### WHAT IS BEING ASKED
Restate word for word the lines of the records below, starting at the line that contains "Lüks Çelik Halka Küpe 3,8 cm-Sarı" and ending at the line that contains "a female face", with both of those lines included and nothing else.

### Brief descriptive captions
==================================================
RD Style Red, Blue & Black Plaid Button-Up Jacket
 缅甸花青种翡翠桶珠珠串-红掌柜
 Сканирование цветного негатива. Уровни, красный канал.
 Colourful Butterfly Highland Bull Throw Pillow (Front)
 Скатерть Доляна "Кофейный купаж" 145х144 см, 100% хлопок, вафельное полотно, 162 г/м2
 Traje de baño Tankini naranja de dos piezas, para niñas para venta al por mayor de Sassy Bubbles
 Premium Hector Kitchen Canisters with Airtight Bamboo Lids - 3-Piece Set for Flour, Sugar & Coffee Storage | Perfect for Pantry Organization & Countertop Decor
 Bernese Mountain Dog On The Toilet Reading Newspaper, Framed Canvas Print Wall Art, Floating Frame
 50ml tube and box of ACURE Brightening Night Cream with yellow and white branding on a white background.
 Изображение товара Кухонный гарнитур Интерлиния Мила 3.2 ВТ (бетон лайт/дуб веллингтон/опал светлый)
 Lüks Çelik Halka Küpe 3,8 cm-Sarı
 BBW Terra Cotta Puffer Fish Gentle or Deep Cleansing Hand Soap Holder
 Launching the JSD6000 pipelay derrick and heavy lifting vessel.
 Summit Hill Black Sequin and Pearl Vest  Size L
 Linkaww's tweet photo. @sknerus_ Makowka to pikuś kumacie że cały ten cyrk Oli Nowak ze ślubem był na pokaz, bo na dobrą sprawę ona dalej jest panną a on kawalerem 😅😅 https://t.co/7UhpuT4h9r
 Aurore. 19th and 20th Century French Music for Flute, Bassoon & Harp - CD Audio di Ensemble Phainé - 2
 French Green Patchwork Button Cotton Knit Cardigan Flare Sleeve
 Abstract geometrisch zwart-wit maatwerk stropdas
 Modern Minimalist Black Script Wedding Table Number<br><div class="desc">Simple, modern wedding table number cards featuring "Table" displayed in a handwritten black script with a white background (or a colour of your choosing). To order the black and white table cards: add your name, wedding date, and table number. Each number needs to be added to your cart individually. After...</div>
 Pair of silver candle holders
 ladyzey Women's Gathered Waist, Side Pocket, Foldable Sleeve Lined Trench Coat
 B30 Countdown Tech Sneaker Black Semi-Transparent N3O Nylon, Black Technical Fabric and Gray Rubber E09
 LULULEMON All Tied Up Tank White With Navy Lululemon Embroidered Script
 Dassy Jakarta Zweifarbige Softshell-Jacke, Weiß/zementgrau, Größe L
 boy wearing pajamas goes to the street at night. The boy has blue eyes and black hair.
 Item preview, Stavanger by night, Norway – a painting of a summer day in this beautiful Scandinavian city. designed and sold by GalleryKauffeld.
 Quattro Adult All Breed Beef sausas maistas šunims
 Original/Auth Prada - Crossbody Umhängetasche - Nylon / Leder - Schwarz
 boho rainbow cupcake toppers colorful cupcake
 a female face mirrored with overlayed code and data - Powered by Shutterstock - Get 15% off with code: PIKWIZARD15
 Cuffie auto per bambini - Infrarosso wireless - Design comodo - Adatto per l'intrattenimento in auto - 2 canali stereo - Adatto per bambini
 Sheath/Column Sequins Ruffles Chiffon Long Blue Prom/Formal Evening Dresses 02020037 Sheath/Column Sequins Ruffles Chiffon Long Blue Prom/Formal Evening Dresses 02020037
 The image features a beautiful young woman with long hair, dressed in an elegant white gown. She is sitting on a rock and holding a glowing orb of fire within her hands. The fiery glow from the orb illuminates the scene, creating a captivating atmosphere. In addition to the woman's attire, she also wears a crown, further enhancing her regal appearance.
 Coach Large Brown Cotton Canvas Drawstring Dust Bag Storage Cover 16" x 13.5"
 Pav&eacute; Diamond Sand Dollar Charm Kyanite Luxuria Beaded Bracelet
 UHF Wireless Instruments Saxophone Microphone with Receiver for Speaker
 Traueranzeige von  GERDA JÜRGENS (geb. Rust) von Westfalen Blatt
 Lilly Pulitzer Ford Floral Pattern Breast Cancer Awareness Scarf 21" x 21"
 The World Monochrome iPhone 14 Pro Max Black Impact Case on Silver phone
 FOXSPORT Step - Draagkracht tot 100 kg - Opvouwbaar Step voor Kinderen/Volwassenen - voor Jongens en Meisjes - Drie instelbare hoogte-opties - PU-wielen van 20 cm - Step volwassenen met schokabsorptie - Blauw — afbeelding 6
==================================================
### WRITTEN RESPONSE
 Lüks Çelik Halka Küpe 3,8 cm-Sarı
 BBW Terra Cotta Puffer Fish Gentle or Deep Cleansing Hand Soap Holder
 Launching the JSD6000 pipelay derrick and heavy lifting vessel.
 Summit Hill Black Sequin and Pearl Vest  Size L
 Linkaww's tweet photo. @sknerus_ Makowka to pikuś kumacie że cały ten cyrk Oli Nowak ze ślubem był na pokaz, bo na dobrą sprawę ona dalej jest panną a on kawalerem 😅😅 https://t.co/7UhpuT4h9r
 Aurore. 19th and 20th Century French Music for Flute, Bassoon & Harp - CD Audio di Ensemble Phainé - 2
 French Green Patchwork Button Cotton Knit Cardigan Flare Sleeve
 Abstract geometrisch zwart-wit maatwerk stropdas
 Modern Minimalist Black Script Wedding Table Number<br><div class="desc">Simple, modern wedding table number cards featuring "Table" displayed in a handwritten black script with a white background (or a colour of your choosing). To order the black and white table cards: add your name, wedding date, and table number. Each number needs to be added to your cart individually. After...</div>
 Pair of silver candle holders
 ladyzey Women's Gathered Waist, Side Pocket, Foldable Sleeve Lined Trench Coat
 B30 Countdown Tech Sneaker Black Semi-Transparent N3O Nylon, Black Technical Fabric and Gray Rubber E09
 LULULEMON All Tied Up Tank White With Navy Lululemon Embroidered Script
 Dassy Jakarta Zweifarbige Softshell-Jacke, Weiß/zementgrau, Größe L
 boy wearing pajamas goes to the street at night. The boy has blue eyes and black hair.
 Item preview, Stavanger by night, Norway – a painting of a summer day in this beautiful Scandinavian city. designed and sold by GalleryKauffeld.
 Quattro Adult All Breed Beef sausas maistas šunims
 Original/Auth Prada - Crossbody Umhängetasche - Nylon / Leder - Schwarz
 boho rainbow cupcake toppers colorful cupcake
 a female face mirrored with overlayed code and data - Powered by Shutterstock - Get 15% off with code: PIKWIZARD15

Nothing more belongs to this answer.